Today is the feast day of the Blessed St, Bede (672?-735), the patron Saint of historians, so I am particularly devoted to this great soul.

Bede is one of the few saints honored as such even during his lifetime. His writings were filled with such faith and learning that even while he was still alive, a Church council ordered them to be read publicly in the churches.
At an early age Bede was entrusted to the care of the abbot of the Monastery of St. Paul, Jarrow. He entered the monastery at the age of seven and never left monastic life. He was one of only two survivors from a severe attack of the plague which decimated Wearside in 686, and with the exception of visits to other monasteries, he spent his entire life in Monkwearmouth-Jarrow. Of himself, Bede wrote modestly that he “devoted [his] energies to the study of the scriptures, observing monastic discipline, and singing the daily services in church”, he was, he wrote, a man for whom “study, teaching, and writing had always been [a] delight”.

From the time of his ordination to the priesthood at 30 (he had been ordained deacon at 19) till his death, he was ever occupied with learning, writing and teaching. Besides the many books that he copied, he composed 45 of his own, including 30 commentaries on books of the Bible.

It has been said of him:
“We have not, it seems to me, amid all our discoveries, invented as yet anything better than the Christian life which Bede lived, and the Christian death which he died” (C. Plummer, editor of Bede’s Ecclesiastical History).

St Bede’s most famous work is his “Ecclesiastical History of the English people”. Still widely read, the work is one of the most important primary sources for the history of Anglo-Saxon England. His other works included scriptural commentaries, two lives of St Cuthbert, books on chronology and nature and the first martyrology. He was the first writer to adopt the AD dating system.

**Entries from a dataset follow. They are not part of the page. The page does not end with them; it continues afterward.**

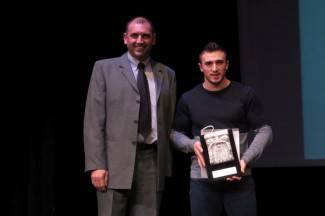 Proglašenje najboljih sportaša grada Požege 2015.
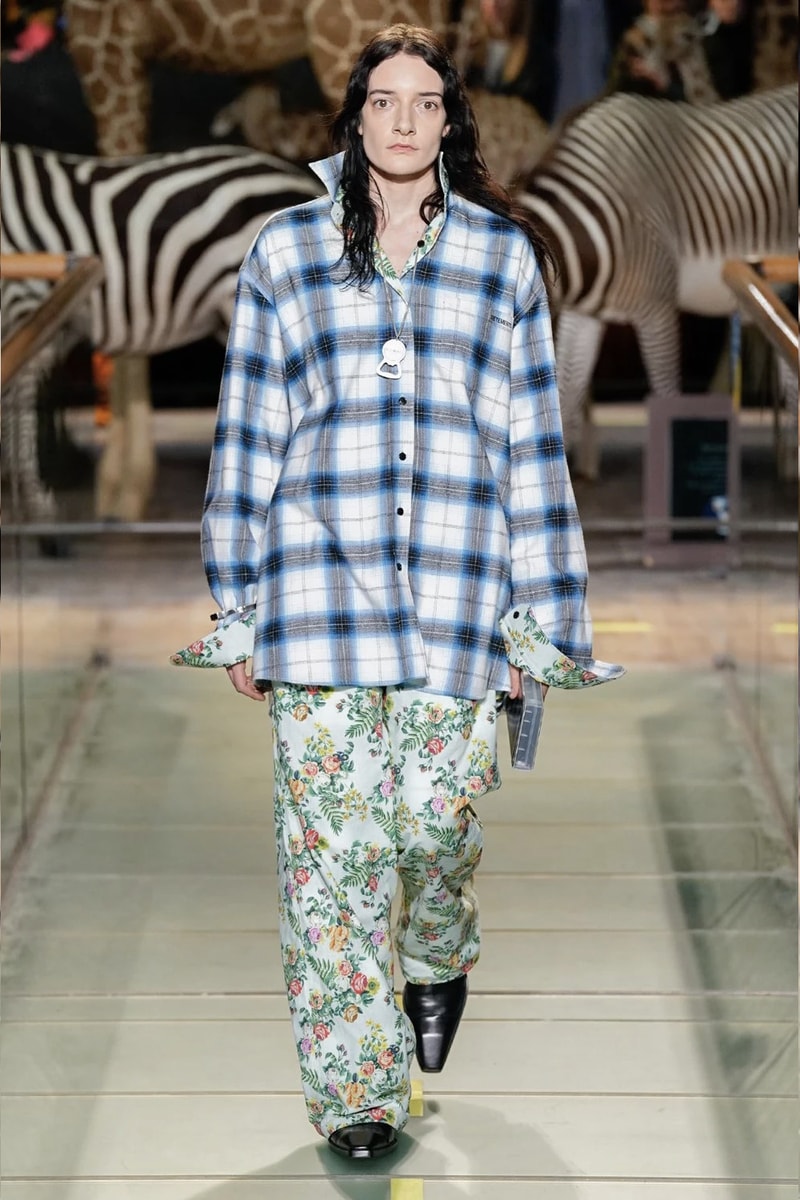 Vetements 發佈 2019 秋冬系列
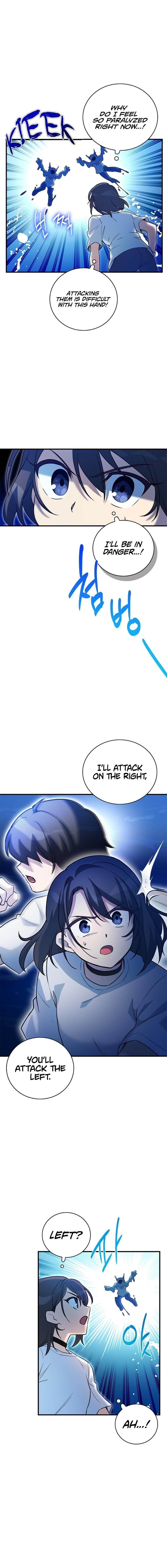 I Became A Childhood Friend of A Mid Level Boss Chapter 17 - Page 14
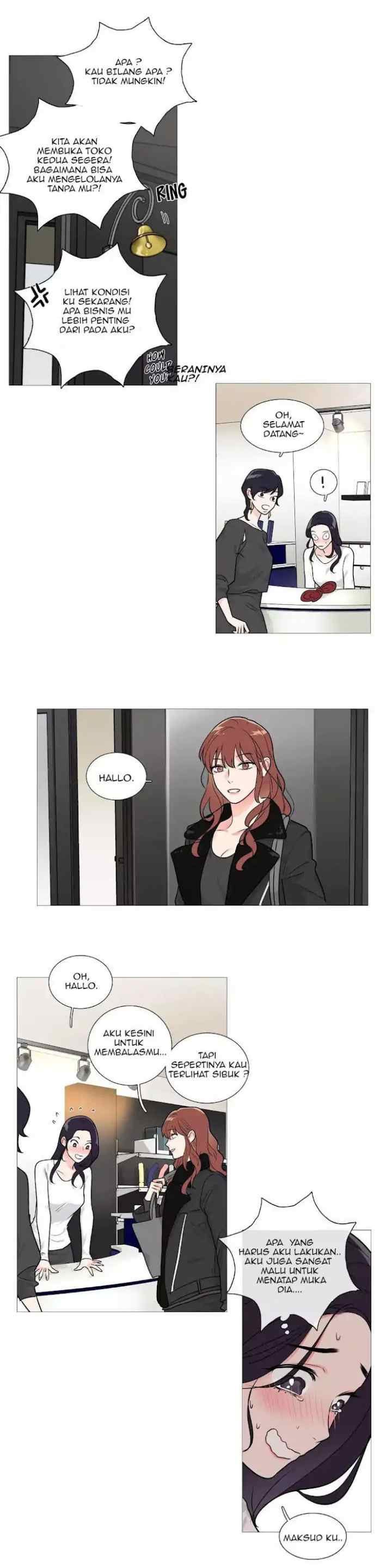 Sadistic Beauty chapter 25 halaman 11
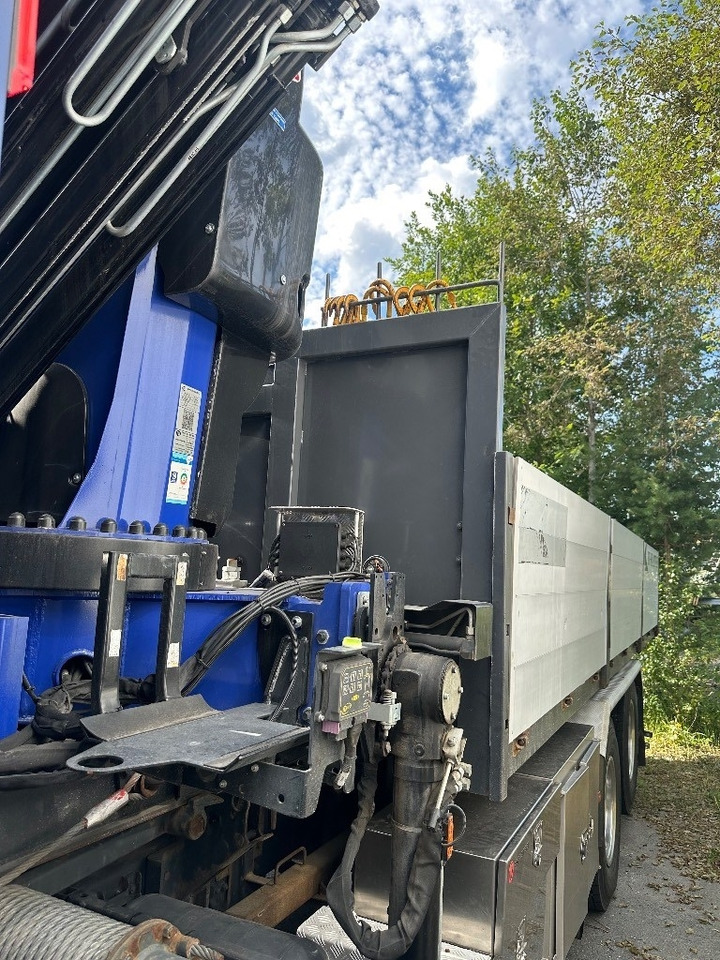 Nosturilava PM 30526SP - Lastbilskran för Lastbil: bild 5 Nosturilava PM 30526SP - Lastbilskran för Lastbil: bild 5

His last work was a translation of St John’s Gospel into Old English and a touching account of his death in 735 AD exists in a letter by Cuthbert, who became Abbot of Jarrow.

Though his History is the greatest legacy Bede has left us, his work in all the sciences (especially in Scripture) should not be overlooked. During his last Lent, he worked on a translation of the Gospel of St. John into English, completing it the day he died. But of this work “to break the word to the poor and unlearned” nothing remains today.

Bede died as he had lived, in Christ. His last work was a translation of St John’s Gospel, which he dictated to a young assistant. He struggled manfully to the last, and the ending is recorded thus:

‘Dear master, there is still one sentence that we have not written down.’

Bede responded, ‘Write quickly.’

After a little while the boy said, ‘There, now it is written.’

‘You have said well,’ replied Bede. ‘It is at an end. All is finished.’

VENERABILIS BEDA ORA PRO NOBIS

Bedes tomb 704

Bede’s Tomb in Durham Cathedral credit: http://www.durhamworldheritagesite.com/

St Bede is buried in Durham Cathedral. The present tomb, built in 1831 is inscribed with Bede’s own words:

“Christ is the morning star, who when the night
Of this world is past brings to his saints
The promise of the light of life & opens everlasting day”

Blessed St. Bede, through whom God showed us the wonders of the Faith in the world, pray for us.